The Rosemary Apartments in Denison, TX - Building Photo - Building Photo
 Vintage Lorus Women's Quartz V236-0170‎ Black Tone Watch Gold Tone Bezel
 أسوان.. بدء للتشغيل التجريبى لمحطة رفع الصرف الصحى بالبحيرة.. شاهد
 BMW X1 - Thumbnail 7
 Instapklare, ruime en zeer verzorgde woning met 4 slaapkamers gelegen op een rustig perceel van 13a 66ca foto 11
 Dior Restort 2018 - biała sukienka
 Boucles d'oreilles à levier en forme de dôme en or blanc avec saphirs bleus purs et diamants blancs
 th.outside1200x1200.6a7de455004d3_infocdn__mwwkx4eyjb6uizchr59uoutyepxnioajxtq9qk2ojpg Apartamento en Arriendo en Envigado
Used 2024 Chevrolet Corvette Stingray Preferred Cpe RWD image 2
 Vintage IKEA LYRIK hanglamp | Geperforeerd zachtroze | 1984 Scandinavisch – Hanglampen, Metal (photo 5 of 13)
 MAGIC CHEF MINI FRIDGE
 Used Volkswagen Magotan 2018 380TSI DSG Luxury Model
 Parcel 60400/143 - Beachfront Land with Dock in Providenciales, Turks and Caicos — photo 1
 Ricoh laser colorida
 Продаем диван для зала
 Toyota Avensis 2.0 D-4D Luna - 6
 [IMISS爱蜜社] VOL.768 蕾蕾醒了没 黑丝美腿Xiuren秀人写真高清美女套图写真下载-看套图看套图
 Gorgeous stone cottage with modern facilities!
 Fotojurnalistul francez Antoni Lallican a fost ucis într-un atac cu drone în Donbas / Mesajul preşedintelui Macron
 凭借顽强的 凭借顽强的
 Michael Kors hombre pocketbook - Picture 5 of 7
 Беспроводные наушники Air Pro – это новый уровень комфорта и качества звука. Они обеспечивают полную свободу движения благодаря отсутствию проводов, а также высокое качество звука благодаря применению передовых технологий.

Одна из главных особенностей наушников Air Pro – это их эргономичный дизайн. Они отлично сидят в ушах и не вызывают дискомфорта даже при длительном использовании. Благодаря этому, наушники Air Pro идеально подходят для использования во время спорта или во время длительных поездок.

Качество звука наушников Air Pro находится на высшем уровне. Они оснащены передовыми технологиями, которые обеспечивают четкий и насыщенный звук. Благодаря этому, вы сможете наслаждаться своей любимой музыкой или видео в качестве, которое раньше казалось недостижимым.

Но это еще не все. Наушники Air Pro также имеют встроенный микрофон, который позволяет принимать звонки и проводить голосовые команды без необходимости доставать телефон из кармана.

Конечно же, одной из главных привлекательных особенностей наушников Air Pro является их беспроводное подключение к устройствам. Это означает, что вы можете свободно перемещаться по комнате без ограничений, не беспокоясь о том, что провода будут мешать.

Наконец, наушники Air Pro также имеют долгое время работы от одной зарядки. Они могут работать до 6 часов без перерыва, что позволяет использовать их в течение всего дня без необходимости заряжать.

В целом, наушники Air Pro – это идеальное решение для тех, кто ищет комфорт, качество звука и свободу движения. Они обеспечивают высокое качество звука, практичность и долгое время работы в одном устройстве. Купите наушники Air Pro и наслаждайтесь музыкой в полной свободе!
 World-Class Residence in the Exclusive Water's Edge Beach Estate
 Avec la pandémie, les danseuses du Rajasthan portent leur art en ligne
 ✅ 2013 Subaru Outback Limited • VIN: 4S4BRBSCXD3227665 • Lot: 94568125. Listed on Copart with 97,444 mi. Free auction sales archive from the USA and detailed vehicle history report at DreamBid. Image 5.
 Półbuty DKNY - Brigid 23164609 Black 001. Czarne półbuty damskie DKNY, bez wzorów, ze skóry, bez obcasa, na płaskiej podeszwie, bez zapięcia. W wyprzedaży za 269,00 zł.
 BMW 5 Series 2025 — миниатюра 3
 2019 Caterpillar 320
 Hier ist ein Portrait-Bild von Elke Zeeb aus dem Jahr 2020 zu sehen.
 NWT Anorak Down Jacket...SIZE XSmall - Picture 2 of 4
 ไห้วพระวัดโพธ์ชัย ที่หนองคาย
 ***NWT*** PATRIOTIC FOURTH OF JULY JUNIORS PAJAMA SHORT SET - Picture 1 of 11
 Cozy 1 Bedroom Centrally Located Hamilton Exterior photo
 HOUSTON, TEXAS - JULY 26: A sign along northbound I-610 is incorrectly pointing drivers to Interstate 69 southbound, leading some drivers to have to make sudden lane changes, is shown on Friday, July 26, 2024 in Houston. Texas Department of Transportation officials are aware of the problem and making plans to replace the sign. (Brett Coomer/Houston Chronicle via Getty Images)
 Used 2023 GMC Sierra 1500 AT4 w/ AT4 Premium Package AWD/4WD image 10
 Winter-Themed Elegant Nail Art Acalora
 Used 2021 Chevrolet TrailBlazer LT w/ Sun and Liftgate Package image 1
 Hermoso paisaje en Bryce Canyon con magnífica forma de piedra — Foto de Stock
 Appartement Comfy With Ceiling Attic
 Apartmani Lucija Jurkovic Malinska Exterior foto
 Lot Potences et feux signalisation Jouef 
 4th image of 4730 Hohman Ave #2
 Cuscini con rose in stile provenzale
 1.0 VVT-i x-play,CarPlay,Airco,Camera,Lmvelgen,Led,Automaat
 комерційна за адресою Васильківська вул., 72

§

» **WHAT NEEDS TO BE DONE**
The response should hold exactly the lines starting at the line with "HOUSTON, TEXAS - JULY" and ending at the line with "1.0 VVT-i x-play,CarPlay,Airco,Camera,Lmvelgen,Led,Automaat", and no other line of the material above.

» **RESPONSE**
 HOUSTON, TEXAS - JULY 26: A sign along northbound I-610 is incorrectly pointing drivers to Interstate 69 southbound, leading some drivers to have to make sudden lane changes, is shown on Friday, July 26, 2024 in Houston. Texas Department of Transportation officials are aware of the problem and making plans to replace the sign. (Brett Coomer/Houston Chronicle via Getty Images)
 Used 2023 GMC Sierra 1500 AT4 w/ AT4 Premium Package AWD/4WD image 10
 Winter-Themed Elegant Nail Art Acalora
 Used 2021 Chevrolet TrailBlazer LT w/ Sun and Liftgate Package image 1
 Hermoso paisaje en Bryce Canyon con magnífica forma de piedra — Foto de Stock
 Appartement Comfy With Ceiling Attic
 Apartmani Lucija Jurkovic Malinska Exterior foto
 Lot Potences et feux signalisation Jouef 
 4th image of 4730 Hohman Ave #2
 Cuscini con rose in stile provenzale
 1.0 VVT-i x-play,CarPlay,Airco,Camera,Lmvelgen,Led,Automaat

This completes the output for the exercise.